Anonymous wrote:OP here. It’s nothing nefarious he’s just a workaholic. I often feel like I’m being gaslight that it’s a totally normal time for someone to work until and that it’s totally normal to just assume your spouse will make dinner and drive your children wherever they need to go.
I don’t see 7pm being an issue if it was already worked into agreed upon responsibilities. What have you discussed as each of your responsibilities in regard to dinner and driving the kids places? My DH was always on an early schedule from when we first met and liked getting in early to avoid traffic and leaving by 3:30-4. So he had dinner and school/aftercare pickup and I had getting the kids out in the morning. Any kid activities had to be agreed upon by both of us that we could commit to the logistics with our work schedule. Often that meant DH was on activity drop off and I had to be on activity pickup (meaning a firm work cutoff time) and I helped organize carpools. Since my work schedule was on the later end, it did come down to eating dinner with the family or not. I found it was easier to have days I planned to work later and get dinner on my own than trying to get everything done in 8 hours of work plus commute when I wasn’t starting work until 8:30am.
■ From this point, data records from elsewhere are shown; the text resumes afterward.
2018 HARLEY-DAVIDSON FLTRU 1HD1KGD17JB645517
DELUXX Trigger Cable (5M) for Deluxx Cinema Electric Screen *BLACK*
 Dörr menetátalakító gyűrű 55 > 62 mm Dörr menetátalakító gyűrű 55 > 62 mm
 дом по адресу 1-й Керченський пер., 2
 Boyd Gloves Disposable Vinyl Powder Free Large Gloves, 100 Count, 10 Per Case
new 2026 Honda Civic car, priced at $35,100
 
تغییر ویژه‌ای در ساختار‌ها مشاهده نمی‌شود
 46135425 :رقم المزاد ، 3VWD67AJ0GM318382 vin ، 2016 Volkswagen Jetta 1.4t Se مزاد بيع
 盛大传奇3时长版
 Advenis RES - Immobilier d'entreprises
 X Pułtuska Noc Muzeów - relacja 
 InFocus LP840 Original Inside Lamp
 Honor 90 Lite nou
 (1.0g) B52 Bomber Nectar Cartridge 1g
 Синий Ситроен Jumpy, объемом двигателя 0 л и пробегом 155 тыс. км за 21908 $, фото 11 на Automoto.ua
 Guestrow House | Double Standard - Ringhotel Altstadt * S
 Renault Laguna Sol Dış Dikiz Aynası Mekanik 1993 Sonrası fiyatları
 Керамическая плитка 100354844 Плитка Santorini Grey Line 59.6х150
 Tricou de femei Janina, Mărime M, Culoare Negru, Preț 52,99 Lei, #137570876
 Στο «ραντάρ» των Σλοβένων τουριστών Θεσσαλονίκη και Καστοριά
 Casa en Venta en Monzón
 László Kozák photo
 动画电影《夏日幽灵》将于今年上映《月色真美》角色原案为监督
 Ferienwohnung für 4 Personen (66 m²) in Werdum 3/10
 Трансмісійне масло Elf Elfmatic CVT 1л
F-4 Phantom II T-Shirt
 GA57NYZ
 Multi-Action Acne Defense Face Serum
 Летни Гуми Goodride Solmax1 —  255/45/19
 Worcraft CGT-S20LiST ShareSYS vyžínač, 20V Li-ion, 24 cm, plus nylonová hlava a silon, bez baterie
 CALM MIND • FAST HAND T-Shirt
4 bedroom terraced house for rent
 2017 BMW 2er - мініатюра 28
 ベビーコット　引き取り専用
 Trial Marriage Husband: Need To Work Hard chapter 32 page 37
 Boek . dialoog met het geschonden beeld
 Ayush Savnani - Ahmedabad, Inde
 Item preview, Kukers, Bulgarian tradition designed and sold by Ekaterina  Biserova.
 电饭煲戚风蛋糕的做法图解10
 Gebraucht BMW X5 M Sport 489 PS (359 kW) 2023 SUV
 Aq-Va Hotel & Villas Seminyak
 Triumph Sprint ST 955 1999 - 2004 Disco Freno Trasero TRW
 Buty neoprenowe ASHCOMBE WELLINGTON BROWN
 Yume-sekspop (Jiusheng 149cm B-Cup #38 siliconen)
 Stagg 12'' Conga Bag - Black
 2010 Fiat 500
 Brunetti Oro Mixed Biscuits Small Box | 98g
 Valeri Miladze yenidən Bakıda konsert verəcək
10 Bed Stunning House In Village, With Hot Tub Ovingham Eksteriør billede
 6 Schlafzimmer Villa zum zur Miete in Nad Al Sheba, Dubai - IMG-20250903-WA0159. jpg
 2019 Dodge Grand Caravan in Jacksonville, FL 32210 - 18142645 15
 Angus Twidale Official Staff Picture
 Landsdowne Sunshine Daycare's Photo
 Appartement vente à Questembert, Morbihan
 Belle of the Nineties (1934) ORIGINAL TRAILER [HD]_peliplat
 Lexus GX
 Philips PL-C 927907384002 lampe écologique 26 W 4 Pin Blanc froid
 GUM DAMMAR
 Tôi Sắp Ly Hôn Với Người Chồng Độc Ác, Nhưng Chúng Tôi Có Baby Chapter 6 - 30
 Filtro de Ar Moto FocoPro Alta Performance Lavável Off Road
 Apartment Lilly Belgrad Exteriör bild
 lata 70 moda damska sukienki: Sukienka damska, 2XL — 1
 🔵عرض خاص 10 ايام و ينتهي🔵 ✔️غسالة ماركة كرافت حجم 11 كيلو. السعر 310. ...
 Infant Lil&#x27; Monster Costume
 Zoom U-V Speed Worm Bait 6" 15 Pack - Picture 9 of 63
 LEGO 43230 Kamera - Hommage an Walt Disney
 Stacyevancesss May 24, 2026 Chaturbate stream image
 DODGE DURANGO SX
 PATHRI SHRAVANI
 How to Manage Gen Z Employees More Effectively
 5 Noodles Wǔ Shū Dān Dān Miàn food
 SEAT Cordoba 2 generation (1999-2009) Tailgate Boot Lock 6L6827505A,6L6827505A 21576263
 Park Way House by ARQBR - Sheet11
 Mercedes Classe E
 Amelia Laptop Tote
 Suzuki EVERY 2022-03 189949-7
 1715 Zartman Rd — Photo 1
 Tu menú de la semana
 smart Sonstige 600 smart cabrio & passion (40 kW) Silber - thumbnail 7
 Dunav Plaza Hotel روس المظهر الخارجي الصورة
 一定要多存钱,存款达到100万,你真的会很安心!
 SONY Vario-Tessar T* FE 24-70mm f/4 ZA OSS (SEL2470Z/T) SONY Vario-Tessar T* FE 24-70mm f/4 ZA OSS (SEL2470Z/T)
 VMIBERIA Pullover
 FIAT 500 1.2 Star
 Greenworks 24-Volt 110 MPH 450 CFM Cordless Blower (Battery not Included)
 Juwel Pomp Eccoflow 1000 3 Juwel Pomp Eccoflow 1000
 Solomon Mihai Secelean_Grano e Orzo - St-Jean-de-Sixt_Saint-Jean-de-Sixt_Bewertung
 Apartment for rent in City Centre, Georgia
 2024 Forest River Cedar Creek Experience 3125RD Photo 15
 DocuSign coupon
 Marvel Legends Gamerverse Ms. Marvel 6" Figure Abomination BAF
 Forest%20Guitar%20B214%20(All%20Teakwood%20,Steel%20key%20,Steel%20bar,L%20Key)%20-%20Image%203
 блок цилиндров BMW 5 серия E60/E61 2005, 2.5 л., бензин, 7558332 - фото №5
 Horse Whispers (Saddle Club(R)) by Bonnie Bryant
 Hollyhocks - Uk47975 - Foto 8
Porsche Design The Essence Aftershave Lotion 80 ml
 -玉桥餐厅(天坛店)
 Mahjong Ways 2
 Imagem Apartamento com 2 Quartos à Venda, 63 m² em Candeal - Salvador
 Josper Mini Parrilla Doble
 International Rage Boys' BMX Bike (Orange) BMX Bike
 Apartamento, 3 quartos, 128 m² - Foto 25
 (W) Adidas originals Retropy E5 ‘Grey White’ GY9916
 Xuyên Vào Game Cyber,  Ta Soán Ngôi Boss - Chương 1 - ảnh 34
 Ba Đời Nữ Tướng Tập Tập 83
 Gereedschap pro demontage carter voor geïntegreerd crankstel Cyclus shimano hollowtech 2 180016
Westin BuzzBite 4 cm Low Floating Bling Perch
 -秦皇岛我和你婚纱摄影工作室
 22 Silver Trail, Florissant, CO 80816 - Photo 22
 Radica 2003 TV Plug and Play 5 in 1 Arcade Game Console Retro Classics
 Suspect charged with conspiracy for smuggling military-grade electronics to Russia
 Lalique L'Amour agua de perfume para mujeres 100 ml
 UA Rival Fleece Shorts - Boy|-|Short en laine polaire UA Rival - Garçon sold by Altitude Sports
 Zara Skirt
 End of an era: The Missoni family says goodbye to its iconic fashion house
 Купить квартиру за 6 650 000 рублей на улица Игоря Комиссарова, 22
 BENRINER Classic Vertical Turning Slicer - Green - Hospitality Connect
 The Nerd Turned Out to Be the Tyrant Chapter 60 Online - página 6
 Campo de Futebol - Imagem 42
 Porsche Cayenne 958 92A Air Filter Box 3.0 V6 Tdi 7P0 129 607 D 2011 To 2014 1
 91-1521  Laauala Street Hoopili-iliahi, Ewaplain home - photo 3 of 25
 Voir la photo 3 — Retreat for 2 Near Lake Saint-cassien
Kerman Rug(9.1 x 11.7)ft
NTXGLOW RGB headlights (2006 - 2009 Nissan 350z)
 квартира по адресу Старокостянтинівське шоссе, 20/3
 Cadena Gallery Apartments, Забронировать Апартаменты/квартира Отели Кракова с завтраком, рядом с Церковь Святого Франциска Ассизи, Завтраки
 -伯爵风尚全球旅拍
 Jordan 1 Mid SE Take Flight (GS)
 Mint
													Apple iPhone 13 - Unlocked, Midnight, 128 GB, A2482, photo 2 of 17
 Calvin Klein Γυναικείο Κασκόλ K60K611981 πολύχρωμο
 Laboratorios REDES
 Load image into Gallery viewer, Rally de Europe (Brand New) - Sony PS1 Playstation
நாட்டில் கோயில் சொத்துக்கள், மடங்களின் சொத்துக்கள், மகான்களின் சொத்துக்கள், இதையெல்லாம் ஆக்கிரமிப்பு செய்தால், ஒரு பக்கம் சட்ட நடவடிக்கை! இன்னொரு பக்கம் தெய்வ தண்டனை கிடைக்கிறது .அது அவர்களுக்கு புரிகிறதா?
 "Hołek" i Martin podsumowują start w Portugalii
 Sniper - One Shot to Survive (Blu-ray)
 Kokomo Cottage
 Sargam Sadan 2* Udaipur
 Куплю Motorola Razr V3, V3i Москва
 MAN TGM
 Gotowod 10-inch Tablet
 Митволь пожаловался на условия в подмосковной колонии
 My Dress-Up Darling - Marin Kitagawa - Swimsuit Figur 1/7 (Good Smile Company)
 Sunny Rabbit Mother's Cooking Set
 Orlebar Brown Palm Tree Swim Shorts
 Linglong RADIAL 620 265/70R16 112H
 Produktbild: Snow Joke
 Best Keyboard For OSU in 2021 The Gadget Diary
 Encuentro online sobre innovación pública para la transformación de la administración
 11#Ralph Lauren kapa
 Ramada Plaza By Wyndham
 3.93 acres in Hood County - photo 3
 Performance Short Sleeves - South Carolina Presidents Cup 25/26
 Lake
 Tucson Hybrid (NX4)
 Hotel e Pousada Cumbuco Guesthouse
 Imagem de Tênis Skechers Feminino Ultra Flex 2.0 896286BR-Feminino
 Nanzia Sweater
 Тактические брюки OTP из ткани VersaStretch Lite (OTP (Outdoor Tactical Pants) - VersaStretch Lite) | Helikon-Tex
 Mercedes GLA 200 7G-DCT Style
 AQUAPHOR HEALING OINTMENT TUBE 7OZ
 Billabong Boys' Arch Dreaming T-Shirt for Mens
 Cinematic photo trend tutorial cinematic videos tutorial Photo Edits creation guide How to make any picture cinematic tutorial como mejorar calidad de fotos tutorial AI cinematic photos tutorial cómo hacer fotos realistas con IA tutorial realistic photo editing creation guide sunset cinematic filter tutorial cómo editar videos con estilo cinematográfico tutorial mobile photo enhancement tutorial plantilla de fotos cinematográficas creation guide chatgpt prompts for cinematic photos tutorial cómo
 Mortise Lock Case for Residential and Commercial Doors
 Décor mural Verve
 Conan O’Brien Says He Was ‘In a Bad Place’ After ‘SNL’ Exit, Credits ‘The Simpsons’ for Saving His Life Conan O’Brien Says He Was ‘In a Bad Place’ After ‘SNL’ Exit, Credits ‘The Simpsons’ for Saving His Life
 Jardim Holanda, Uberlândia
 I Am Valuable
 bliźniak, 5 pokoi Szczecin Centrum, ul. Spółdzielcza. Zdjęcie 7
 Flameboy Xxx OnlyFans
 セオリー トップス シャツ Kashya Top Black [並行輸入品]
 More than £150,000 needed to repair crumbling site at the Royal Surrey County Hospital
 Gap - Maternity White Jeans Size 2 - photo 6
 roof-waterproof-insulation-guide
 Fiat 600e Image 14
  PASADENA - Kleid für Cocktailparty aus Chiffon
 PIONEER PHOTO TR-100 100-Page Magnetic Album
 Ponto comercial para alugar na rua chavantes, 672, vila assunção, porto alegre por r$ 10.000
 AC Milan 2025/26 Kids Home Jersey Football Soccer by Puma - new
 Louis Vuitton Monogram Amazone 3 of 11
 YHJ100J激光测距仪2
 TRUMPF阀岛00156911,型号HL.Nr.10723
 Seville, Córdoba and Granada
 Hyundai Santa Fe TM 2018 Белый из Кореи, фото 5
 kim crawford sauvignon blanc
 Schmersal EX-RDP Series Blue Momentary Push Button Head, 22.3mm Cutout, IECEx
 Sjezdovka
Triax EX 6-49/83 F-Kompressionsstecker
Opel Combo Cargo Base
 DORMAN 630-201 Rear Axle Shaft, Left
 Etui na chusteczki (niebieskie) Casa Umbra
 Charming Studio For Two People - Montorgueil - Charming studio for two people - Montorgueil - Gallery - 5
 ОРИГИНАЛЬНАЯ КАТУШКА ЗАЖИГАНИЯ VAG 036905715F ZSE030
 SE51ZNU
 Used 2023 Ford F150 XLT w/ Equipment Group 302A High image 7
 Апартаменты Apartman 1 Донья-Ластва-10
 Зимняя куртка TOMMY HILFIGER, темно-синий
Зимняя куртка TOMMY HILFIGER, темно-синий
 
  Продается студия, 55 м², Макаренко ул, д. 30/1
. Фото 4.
If your DH has agreed on certain things and work always seems to supersede, that’s a different issue. I think I read somewhere the advice that your family should be just as important as a work client. From that lens, he should be communicating and balancing. You can’t do everything to meet a deadline for one client and drop the ball and not communicate, or negotiate timelines with the other client. If a true work emergency has come up, he has to figure out what absolutely needs to be done I.e. what needs to be done before he leaves work and if there is any way to work around kid activities like work in the car/location while waiting or logging on later in the evening. Otherwise if he can’t cover what he agreed to do, he needs to ask you to cover and should be negotiating to offer something is exchange, like getting the kids out the next morning or taking over something you would do one the weekend.